D'une guerre à l'autre

Jarville subit à nouveau les affres de la longue guerre de 1939-1945 et le cortège habituel de réquisitions en tout genre : vivres, chevaux, matériels, véhicules. On procéda aux creusements de tranchées, à l'agencement des abris. Les caves des écoles furent dotées de trappes…

Vint l'action des F.F.I. qui prirent part à la libération de la cité en 1944. Un poste d'observation allemand était installé sur un des crassiers. Grâce aux indications apportées par des jarvillois qui se portèrent devant des américains, le poste fut aussitôt anéanti.

Le soir du 15 septembre, chants et danses marquèrent l'explosion de joie.

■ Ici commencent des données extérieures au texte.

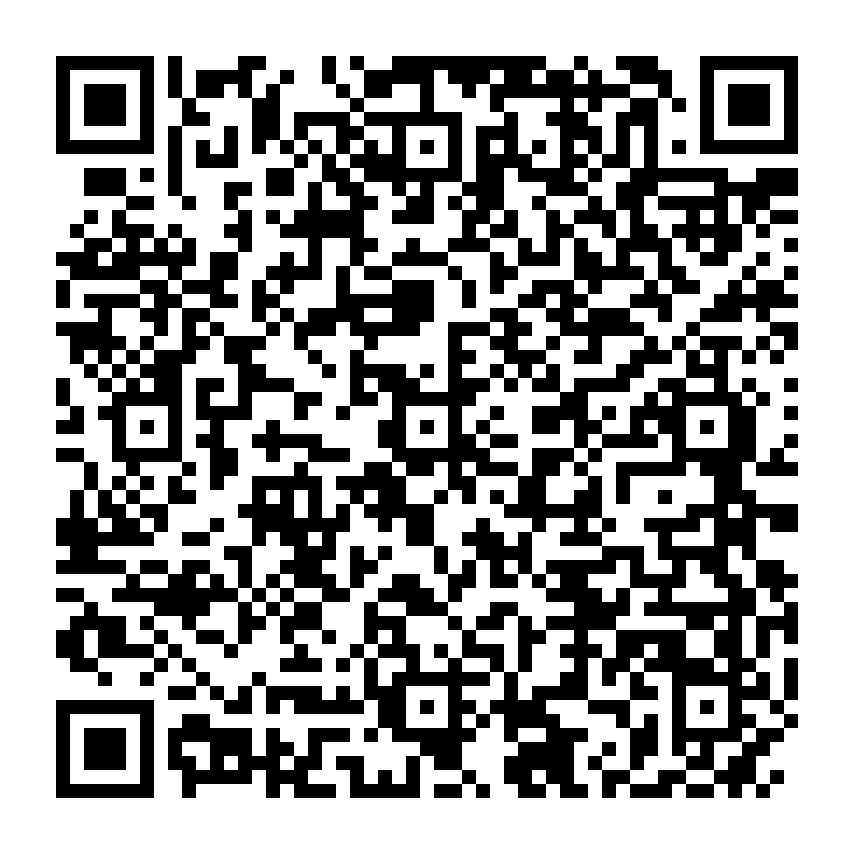 QR-koodi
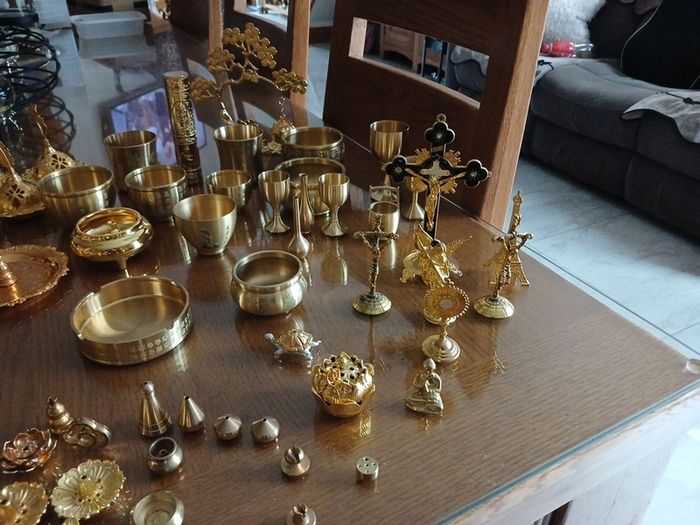 incense holders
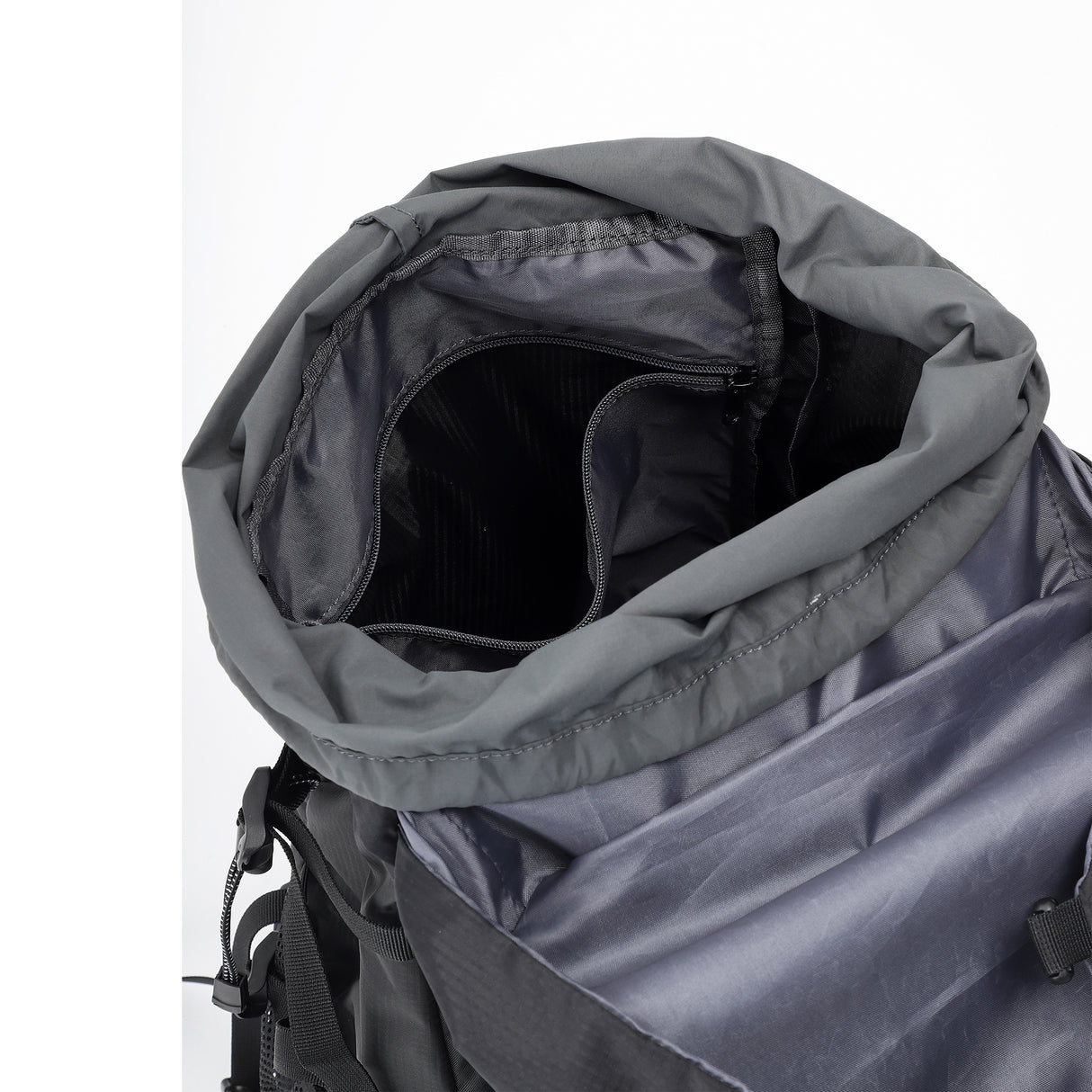 Sunny Hiker - Vandrerygsæk 65L fra Sunny Hiker - billede nr. 14 hos GrejFreak.dk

Pour le dernier Noël de guerre, le 24 décembre 1944, "La Croix de l'Est" publiait un petit poème dont l'auteur était signalé sous le pseudonyme "Marie Joseph de Jarville".

Noël des sinistrés.

Vous tous qui fléchissez sous l'amère souffrance,

Qui n'avez plus de gîte et qui manquez de pain,

Accourez à Jésus : c'est la sainte espérance,

Pour mieux vous accueillir, il tend ses bras divins !

…….

Venez chers sinistrés, offrez votre souffrance ;

Chantez votre Noël près du royal berceau !

Vous êtes la rançon de notre belle France.

………..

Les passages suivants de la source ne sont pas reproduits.